ABOUT THIS EXERCISE: Give again the lines of the data from its first line through the line with "小米募資將投向全球業(yè)". Change nothing.

Scraped caption text data:
************

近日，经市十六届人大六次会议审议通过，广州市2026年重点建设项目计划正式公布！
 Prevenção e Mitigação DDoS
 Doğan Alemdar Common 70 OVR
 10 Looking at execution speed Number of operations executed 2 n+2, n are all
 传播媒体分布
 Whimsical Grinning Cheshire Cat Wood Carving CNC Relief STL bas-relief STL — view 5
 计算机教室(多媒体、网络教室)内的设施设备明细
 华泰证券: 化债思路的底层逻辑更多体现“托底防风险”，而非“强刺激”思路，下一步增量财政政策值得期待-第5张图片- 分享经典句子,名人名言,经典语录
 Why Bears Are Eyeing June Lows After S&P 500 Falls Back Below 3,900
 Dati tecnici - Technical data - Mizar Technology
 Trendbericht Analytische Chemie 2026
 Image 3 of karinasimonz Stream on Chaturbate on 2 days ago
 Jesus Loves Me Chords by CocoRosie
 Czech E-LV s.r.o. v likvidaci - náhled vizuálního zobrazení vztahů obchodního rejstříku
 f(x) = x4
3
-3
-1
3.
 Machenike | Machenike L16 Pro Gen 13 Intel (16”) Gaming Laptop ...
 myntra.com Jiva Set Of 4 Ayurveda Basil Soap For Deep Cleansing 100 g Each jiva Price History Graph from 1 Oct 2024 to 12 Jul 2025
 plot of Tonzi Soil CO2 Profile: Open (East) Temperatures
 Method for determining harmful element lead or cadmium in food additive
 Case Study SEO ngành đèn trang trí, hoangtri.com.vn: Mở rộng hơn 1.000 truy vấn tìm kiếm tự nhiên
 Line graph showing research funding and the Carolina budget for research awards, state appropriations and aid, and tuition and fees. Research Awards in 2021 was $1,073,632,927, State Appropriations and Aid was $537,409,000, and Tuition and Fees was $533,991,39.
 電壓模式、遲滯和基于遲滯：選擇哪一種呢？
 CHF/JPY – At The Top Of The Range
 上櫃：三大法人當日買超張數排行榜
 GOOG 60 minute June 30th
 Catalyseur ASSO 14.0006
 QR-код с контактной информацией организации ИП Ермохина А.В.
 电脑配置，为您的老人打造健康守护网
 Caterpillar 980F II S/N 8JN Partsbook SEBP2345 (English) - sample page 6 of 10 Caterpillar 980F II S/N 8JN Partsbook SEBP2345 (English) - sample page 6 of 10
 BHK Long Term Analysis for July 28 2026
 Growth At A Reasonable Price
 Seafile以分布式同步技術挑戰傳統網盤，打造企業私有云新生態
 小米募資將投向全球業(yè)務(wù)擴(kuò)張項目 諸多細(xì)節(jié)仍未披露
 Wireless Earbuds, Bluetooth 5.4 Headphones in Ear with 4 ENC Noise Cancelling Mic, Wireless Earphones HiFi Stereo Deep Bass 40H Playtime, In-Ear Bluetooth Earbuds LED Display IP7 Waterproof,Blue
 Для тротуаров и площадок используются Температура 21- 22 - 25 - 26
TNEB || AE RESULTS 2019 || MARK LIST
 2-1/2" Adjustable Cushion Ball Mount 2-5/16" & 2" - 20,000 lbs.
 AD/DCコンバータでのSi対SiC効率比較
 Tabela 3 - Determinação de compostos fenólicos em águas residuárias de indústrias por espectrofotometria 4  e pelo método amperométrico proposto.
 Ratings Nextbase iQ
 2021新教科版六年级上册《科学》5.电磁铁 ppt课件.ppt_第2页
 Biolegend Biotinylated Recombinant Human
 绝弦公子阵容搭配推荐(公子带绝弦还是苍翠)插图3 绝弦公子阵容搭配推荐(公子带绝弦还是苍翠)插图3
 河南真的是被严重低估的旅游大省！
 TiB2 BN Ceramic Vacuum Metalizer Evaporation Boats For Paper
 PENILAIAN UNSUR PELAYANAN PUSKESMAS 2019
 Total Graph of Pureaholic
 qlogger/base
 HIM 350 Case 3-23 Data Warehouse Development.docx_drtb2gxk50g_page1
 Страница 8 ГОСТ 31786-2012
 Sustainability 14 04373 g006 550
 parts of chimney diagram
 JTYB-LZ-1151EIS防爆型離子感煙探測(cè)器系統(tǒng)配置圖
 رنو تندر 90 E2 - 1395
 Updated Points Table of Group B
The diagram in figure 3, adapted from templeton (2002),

************

YOUR SOLUTION:
近日，经市十六届人大六次会议审议通过，广州市2026年重点建设项目计划正式公布！
 Prevenção e Mitigação DDoS
 Doğan Alemdar Common 70 OVR
 10 Looking at execution speed Number of operations executed 2 n+2, n are all
 传播媒体分布
 Whimsical Grinning Cheshire Cat Wood Carving CNC Relief STL bas-relief STL — view 5
 计算机教室(多媒体、网络教室)内的设施设备明细
 华泰证券: 化债思路的底层逻辑更多体现“托底防风险”，而非“强刺激”思路，下一步增量财政政策值得期待-第5张图片- 分享经典句子,名人名言,经典语录
 Why Bears Are Eyeing June Lows After S&P 500 Falls Back Below 3,900
 Dati tecnici - Technical data - Mizar Technology
 Trendbericht Analytische Chemie 2026
 Image 3 of karinasimonz Stream on Chaturbate on 2 days ago
 Jesus Loves Me Chords by CocoRosie
 Czech E-LV s.r.o. v likvidaci - náhled vizuálního zobrazení vztahů obchodního rejstříku
 f(x) = x4
3
-3
-1
3.
 Machenike | Machenike L16 Pro Gen 13 Intel (16”) Gaming Laptop ...
 myntra.com Jiva Set Of 4 Ayurveda Basil Soap For Deep Cleansing 100 g Each jiva Price History Graph from 1 Oct 2024 to 12 Jul 2025
 plot of Tonzi Soil CO2 Profile: Open (East) Temperatures
 Method for determining harmful element lead or cadmium in food additive
 Case Study SEO ngành đèn trang trí, hoangtri.com.vn: Mở rộng hơn 1.000 truy vấn tìm kiếm tự nhiên
 Line graph showing research funding and the Carolina budget for research awards, state appropriations and aid, and tuition and fees. Research Awards in 2021 was $1,073,632,927, State Appropriations and Aid was $537,409,000, and Tuition and Fees was $533,991,39.
 電壓模式、遲滯和基于遲滯：選擇哪一種呢？
 CHF/JPY – At The Top Of The Range
 上櫃：三大法人當日買超張數排行榜
 GOOG 60 minute June 30th
 Catalyseur ASSO 14.0006
 QR-код с контактной информацией организации ИП Ермохина А.В.
 电脑配置，为您的老人打造健康守护网
 Caterpillar 980F II S/N 8JN Partsbook SEBP2345 (English) - sample page 6 of 10 Caterpillar 980F II S/N 8JN Partsbook SEBP2345 (English) - sample page 6 of 10
 BHK Long Term Analysis for July 28 2026
 Growth At A Reasonable Price
 Seafile以分布式同步技術挑戰傳統網盤，打造企業私有云新生態
 小米募資將投向全球業(yè)務(wù)擴(kuò)張項目 諸多細(xì)節(jié)仍未披露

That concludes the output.